En vérité : La charte du renouveau

Moïse DOSSOUMOU 30 juillet 2018

Le terrain vient d’être balisé pour la réforme du système partisan. En politique, jusqu’à nouvel ordre, plus rien ne sera comme avant. En adoptant ce jeudi 26 juillet 2018, la loi n°2018-23 portant Charte des partis politiques en République du Bénin, l’Assemblée nationale a manifesté sa volonté de procéder quelque peu à l’assainissement des mœurs politiques. Louis Vlavonou et ses pairs initiateurs de cette proposition de loi peuvent se féliciter d’avoir convaincu leurs collègues de rompre avec le passé. Lorsque ce texte de loi aura fini le tour du circuit législatif avec l’étape de la promulgation, la recomposition des forces politiques, déjà en cours, s’imposera à tous. Soit les formations politiques traditionnelles acceptent de faire peau neuve avec le concours d’autres alliés, soit elles assisteront impuissantes à leur requiem. Presque à l’unanimité, les élus du peuple s’inscrivent dans une nouvelle dynamique, celle de la réforme du système partisan.

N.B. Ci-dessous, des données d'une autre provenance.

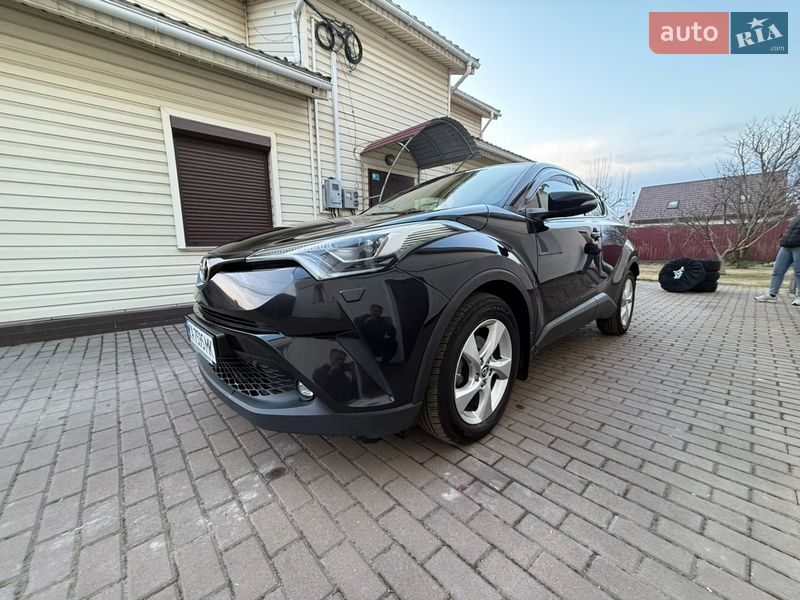 Внедорожник / Кроссовер Toyota C-HR 2017 в Киеве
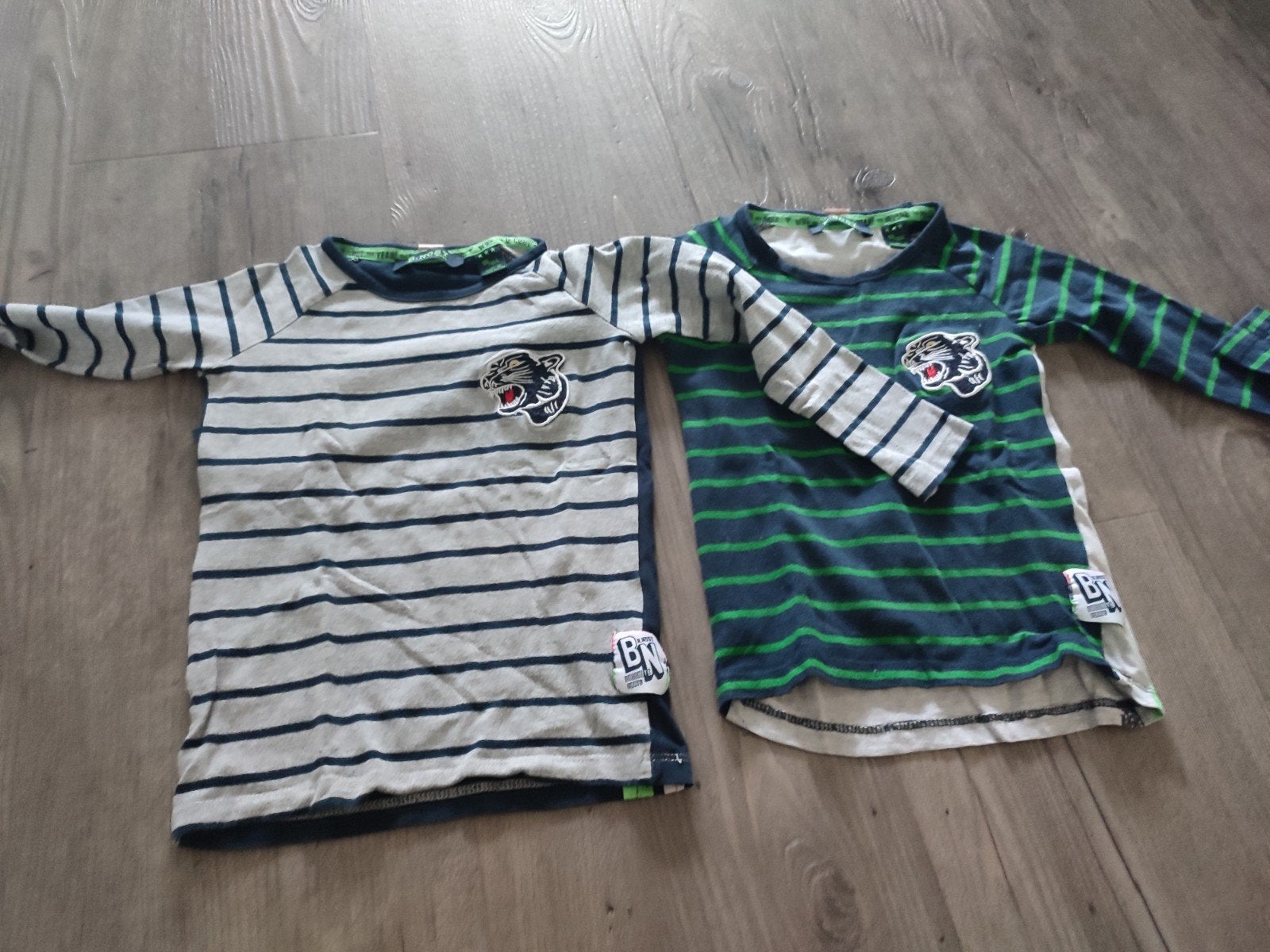 2 longsleeve's  maat 98/104 jongen, Ophalen of Verzenden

Composée de 70 articles répartis en 8 titres, cette loi vient mettre un terme à la création de la pléthore de partis politiques qui poussent de terre comme des champignons. Dépourvues d’une assise nationale, la plupart de ces formations politiques n’ont de fiefs que des quartiers, villages, quartiers de ville et arrondissements. Dans le meilleur des cas, leur influence s’étend au niveau de la commune et du département. On peut compter du bout des doigts les partis politiques qui réalisent des prouesses électorales dans plusieurs départements. Contrairement à l’ancienne charte des partis politiques qui n’exigeait que 120 militants au plan national pour la création d’un parti politique, il faudra désormais réunir 1155 membres fondateurs à raison de 15 par commune. Ce bouleversement vient donner du tournis au personnel politique habitué à donner naissance aux mouvements politiques pour un oui ou pour un non. A présent, il leur faudra négocier autrement leur survie.
Avec cette nouvelle loi, la Commission électorale nationale autonome (Cena) se targue le privilège de contrôler le financement public des partis politiques. Dorénavant, « seuls les partis politiques ayant obtenu, lors des élections législatives précédant l’exercice au cours duquel le financement est acquis pour la durée de la législature, un nombre de députés correspondant à un cinquième (1/5) du nombre de députés composant l’Assemblée nationale et provenant d’un nombre de circonscriptions électorales équivalant au minimum au quart (1/4) du nombre total des circonscriptions, peuvent bénéficier du financement public ». Pour bénéficier de l’appui financier de l’Etat, les partis politiques ne peuvent pas se soustraire à ces deux exigences légales cumulatives. La loi est dure, mais c’est la loi. Les acteurs politiques devront faire sous peu une nouvelle expérience en conjuguant leurs efforts. Il ne leur sera plus possible d’évoluer en rangs dispersés comme cela a toujours été le cas depuis le renouveau démocratique.
C’est un fait que les députés adhèrent à la réforme du système partisan prôné par le chef de l’Etat. Déjà en 2015, lors de sa prise de fonction, Adrien Houngbédji insistait sur l’impérieuse nécessité pour le personnel politique de sortir des sentiers battus. La volonté affichée par Patrice Talon depuis qu’il a été investi à la tête de l’Etat quant à la refonte des mœurs politiques a également été déterminante dans ce processus qui est sur le point d’aboutir. Les acteurs politiques qui ont souscrit au toilettage de la Charte des partis politiques sont face à l’épreuve de la cohésion. Au risque de disparaître, il leur faudra démontrer maintenant que « ce qui les unit est beaucoup plus fort que ce qui les divise ». Ce challenge, c’est à eux de le relever. Ils n’ont plus droit à l’erreur. Le compte à rebours a commencé.